Solteiro, tomado pelo ideal democrático e por haver optado atuar à luz do sol e não na clandestinidade, aceitei o convite, sem temer consequências futuras. Como presidente de importante sindicato, cuja atuação pautava-se pela defesa dos trabalhadores, era um dos jovens dirigentes operários do Brasil e, talvez, da América Latina, pois havia assumido o primeiro mandato com apenas 19 anos de idade.
Rafael Caldera recebeu as várias delegações latino-americanas e do Caribe em agradável tarde primaveril no histórico Palácio Miraflores. Tratou a todos com elegância e, ao se dirigir a mim, indagou sobre o então Senador André Franco Montoro, de quem era amigo particular. Quando timidamente o inquiri sobre sua visão do continente ibero-americano, onde, à época, apenas Venezuela e Costa Rica viviam sob o regime democrático e todos os demais se contorciam debaixo de governos autoritários, o grande venezuelano me respondeu, sem esconder a tristeza que o invadia: "Acabamos de sair de uma ditadura perversa (Caldera vencera a primeira eleição direta, após a derrubada do corrupto e autoritário Perez Gimenez) e as nossas responsabilidades transcendem aos limites da Pátria.

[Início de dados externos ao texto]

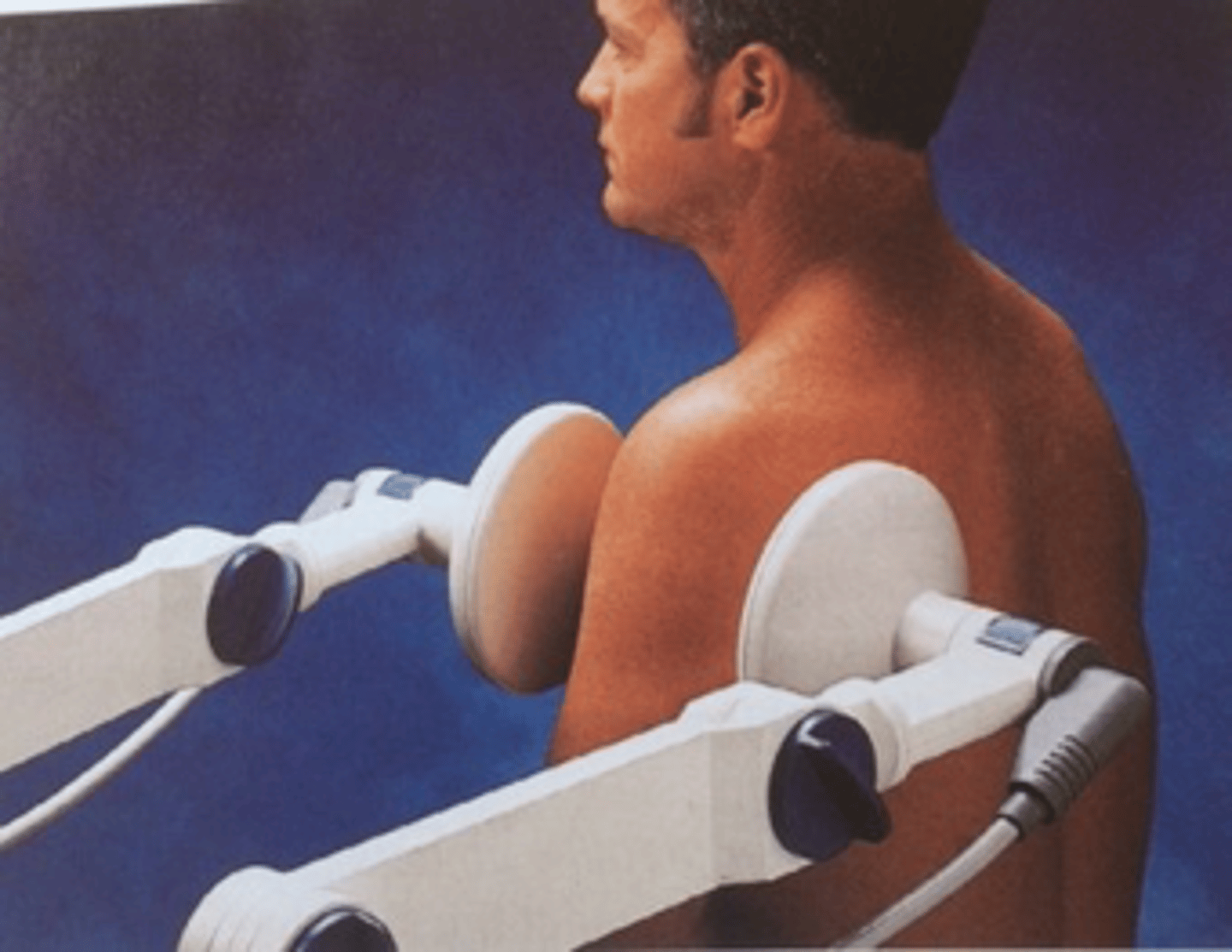 <p>Application of high radiofrequency current/electromagnetic field to underlying tissue</p><p>Deep heating is caused by the conversion of energy into heat as it passes through tissue, due to the resistance of the tissue to the passing of the energy</p><p>Heating of deeper structures can be obtained through the application of high frequency electrical currents</p><p>Different frequency ranges will affect specific tissue types at different depths</p><p>The advantage to SWD is that the overall area that can be heated will be larger than those covered by a hot pack or US</p><p>can also do non thermal setting</p>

Ampliar a solidariedade continental é do nosso dever".
Em seguida, dirigindo-se a todos os presentes, acrescentou: "A Democracia na Venezuela não pode ser medida pelos barris de petróleo extraídos de nossas fontes naturais. Terá que se impor pela conscientização pacífica do nosso povo. Ou a Democracia acabará quando se esgotar o petróleo".

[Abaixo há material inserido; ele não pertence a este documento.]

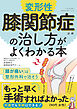変形性膝関節症の治し方がよくわかる本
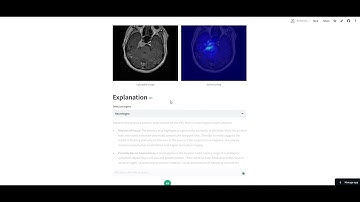 Brain MRI Tumor Detection - CNN Model, Detailed Report, Chatbot
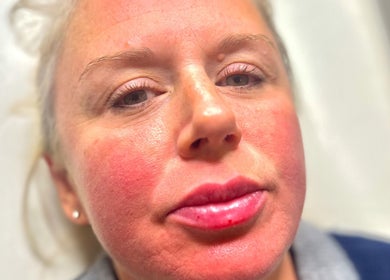 Close-up of facial rejuvenation treatment at Revive Aesthetics Herts in Watford, England, GB.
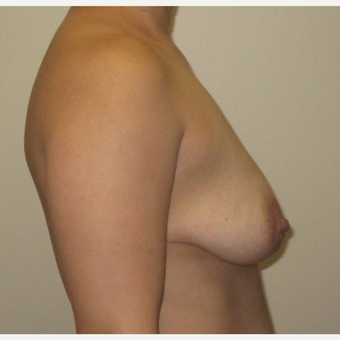 25-34 year old woman treated with Breast Augmentation before 3423797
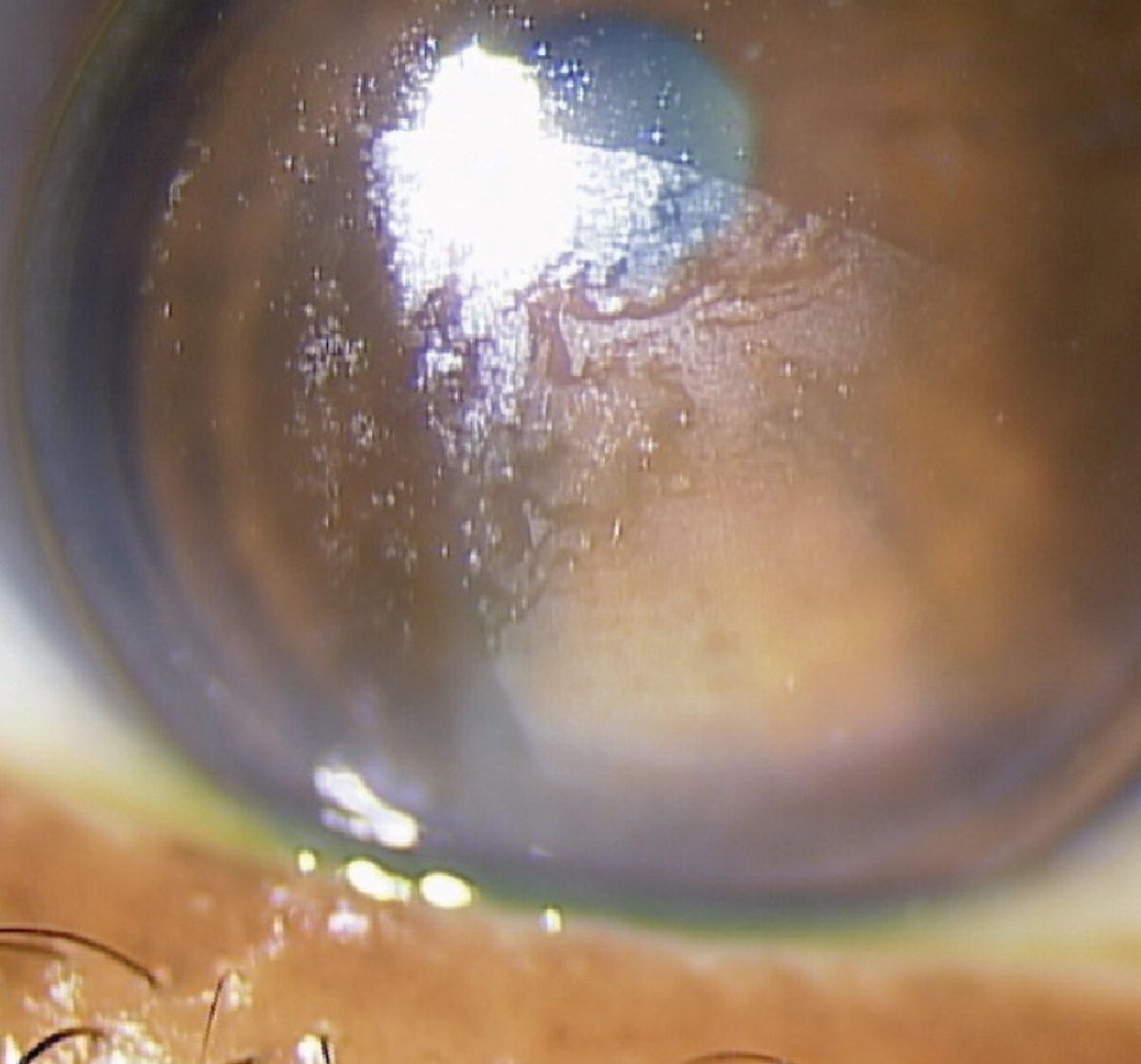 Fig. 1. Corneal lens with acquired mucoprotein film on the anterior lens surface in case one patient. Her incomplete blink pattern is evident, as the upper third of the lens is more clear.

Em março de 1989, após o restabelecimento do regime democrático em nosso País, voltei a me encontrar com o Dr. Rafael Caldera, em Caracas. Desta vez compareci na condição de advogado trabalhista, integrado à executiva da CLAJ – Comissão Latino Americana de Advogados Cristãos. Uma semana antes ocorreram os sangrentos conflitos e quebra-quebra que agitaram a capital, culminando em saques, violências e mortos, que se tornou conhecido como "caracazzo". Faziam parte da onda de protestos contra o presidente Andrés Perez, neoliberal que se afundara na corrupção e dava início ao movimento chavista de tomada violenta do Poder.
Pressenti que o líder democrata-cristão encontrava-se preocupado com o rumo dos acontecimentos, mas se conservava ativo e crente no triunfo do bom senso e da capacidade de resistência das Instituições democráticas.
Em 1993 Rafael Caldera foi eleito para o segundo mandato, mas já não teve meios e forças para recuperar a Nação venezuelana, a esta altura já contaminada por forte onda populista-demagógica.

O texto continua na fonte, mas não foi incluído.